Start of Block

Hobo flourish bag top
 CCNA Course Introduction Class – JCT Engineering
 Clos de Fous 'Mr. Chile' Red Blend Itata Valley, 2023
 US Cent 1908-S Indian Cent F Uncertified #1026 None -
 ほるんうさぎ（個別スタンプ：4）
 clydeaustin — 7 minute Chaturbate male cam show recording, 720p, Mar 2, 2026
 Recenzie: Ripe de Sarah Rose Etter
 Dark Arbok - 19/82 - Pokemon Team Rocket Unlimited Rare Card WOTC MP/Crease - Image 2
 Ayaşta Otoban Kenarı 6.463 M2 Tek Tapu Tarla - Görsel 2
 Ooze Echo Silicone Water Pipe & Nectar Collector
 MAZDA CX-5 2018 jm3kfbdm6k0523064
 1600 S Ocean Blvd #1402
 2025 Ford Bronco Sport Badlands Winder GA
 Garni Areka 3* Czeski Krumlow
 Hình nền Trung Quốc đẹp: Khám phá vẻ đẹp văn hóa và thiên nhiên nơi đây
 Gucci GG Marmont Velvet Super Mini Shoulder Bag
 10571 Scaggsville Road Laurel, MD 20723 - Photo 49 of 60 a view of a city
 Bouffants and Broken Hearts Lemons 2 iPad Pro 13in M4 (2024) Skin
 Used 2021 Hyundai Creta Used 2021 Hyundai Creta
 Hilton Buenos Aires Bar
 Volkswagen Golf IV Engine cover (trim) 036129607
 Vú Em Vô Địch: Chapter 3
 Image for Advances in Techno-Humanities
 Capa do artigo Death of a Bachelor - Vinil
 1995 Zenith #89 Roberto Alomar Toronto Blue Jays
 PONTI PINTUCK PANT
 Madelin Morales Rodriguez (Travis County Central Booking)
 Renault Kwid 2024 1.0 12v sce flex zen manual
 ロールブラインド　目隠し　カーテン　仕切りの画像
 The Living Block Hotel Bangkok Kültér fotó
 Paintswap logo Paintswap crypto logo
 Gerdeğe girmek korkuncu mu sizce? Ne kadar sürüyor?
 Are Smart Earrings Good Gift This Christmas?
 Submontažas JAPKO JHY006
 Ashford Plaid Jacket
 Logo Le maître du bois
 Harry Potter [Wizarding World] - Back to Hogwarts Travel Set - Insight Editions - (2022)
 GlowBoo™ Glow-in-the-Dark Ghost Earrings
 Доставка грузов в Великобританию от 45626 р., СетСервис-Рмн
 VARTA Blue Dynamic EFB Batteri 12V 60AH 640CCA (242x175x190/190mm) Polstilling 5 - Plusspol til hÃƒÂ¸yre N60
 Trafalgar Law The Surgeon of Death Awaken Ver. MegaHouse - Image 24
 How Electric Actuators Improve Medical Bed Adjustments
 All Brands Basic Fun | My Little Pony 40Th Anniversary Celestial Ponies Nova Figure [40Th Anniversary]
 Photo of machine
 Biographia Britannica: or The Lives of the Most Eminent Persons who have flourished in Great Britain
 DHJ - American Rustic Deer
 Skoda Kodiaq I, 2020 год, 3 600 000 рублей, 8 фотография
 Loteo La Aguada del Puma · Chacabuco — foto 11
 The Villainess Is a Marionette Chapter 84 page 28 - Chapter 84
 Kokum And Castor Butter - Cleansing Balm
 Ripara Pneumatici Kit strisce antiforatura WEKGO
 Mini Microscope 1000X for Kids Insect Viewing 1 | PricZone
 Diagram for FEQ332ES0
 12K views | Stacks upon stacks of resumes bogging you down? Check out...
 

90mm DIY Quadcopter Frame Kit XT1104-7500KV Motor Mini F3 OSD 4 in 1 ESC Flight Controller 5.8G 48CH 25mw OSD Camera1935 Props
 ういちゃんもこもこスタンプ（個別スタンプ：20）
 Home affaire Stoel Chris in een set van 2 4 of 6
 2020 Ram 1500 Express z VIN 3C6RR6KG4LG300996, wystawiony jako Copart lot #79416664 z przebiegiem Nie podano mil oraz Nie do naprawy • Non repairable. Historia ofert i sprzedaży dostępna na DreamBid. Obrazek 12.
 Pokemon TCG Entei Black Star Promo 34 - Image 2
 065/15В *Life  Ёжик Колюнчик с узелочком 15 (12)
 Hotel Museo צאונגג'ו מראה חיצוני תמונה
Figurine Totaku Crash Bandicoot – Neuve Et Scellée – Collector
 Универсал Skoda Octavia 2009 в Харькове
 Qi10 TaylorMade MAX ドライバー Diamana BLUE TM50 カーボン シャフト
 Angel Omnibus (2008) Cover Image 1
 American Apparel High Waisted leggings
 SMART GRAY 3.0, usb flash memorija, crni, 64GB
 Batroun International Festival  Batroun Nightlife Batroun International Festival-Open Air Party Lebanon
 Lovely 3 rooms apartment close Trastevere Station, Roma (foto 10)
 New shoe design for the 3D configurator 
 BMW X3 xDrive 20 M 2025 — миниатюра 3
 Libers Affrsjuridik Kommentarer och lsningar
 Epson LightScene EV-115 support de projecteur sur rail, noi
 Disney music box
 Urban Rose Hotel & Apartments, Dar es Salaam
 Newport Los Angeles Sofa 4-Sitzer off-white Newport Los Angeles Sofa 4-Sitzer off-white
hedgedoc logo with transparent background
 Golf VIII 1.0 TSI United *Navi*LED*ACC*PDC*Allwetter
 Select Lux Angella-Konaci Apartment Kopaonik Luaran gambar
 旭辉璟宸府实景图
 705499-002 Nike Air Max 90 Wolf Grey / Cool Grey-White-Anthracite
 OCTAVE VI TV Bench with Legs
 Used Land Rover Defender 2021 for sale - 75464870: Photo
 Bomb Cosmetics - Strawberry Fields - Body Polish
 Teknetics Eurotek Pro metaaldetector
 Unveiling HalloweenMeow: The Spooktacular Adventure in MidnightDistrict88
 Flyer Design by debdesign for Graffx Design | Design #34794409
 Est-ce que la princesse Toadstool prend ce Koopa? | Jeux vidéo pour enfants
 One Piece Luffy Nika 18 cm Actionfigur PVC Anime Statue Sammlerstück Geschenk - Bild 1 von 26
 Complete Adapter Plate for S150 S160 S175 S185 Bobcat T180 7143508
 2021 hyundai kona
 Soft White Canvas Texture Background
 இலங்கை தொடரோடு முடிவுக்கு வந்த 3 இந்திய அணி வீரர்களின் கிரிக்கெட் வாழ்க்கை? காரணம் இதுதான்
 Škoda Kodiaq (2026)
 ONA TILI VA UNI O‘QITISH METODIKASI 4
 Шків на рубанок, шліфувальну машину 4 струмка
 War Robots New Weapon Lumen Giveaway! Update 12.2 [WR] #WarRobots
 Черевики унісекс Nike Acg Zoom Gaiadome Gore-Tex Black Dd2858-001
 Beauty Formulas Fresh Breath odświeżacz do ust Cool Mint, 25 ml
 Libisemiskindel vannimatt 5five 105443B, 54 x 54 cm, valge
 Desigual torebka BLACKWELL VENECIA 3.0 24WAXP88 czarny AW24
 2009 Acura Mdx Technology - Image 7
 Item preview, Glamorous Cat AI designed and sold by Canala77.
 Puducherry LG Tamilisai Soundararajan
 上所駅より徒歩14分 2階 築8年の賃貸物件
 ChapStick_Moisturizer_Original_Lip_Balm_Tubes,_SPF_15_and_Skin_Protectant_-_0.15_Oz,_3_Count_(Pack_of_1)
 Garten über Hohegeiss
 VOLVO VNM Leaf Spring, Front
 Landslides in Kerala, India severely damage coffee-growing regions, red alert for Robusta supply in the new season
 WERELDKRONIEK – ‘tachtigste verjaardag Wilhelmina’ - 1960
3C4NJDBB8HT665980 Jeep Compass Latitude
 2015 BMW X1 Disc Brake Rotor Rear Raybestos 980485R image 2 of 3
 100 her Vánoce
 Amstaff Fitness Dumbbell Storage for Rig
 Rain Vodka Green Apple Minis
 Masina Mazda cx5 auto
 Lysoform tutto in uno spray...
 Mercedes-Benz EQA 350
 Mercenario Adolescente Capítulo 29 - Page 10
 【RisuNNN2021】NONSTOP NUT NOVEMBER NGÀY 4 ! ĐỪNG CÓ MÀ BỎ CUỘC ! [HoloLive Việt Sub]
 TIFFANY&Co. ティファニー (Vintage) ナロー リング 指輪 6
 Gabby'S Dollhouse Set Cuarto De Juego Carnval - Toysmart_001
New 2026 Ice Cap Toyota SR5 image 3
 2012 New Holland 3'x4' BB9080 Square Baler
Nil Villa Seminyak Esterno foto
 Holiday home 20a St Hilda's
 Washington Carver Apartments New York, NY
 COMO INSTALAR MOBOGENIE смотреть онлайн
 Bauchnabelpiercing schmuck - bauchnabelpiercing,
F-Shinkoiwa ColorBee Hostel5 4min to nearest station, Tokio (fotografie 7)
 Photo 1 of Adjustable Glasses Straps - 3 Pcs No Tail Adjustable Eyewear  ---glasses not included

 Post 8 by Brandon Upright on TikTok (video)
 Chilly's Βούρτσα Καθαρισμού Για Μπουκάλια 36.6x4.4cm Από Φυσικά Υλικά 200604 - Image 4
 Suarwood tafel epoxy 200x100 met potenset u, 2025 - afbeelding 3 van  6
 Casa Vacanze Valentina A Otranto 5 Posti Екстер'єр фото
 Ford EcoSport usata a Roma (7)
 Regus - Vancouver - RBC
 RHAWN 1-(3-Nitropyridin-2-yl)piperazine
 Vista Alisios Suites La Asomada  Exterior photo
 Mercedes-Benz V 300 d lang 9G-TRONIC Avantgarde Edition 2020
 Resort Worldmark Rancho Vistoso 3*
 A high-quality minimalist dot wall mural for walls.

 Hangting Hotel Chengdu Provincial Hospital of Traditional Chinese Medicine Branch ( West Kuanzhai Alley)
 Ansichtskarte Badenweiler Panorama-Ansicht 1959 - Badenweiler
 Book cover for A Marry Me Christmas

End of Block

Reproduce only those lines of the entries above that run from the line with "Vista Alisios Suites" to the final line.

## Answer
 Vista Alisios Suites La Asomada  Exterior photo
 Mercedes-Benz V 300 d lang 9G-TRONIC Avantgarde Edition 2020
 Resort Worldmark Rancho Vistoso 3*
 A high-quality minimalist dot wall mural for walls.

 Hangting Hotel Chengdu Provincial Hospital of Traditional Chinese Medicine Branch ( West Kuanzhai Alley)
 Ansichtskarte Badenweiler Panorama-Ansicht 1959 - Badenweiler
 Book cover for A Marry Me Christmas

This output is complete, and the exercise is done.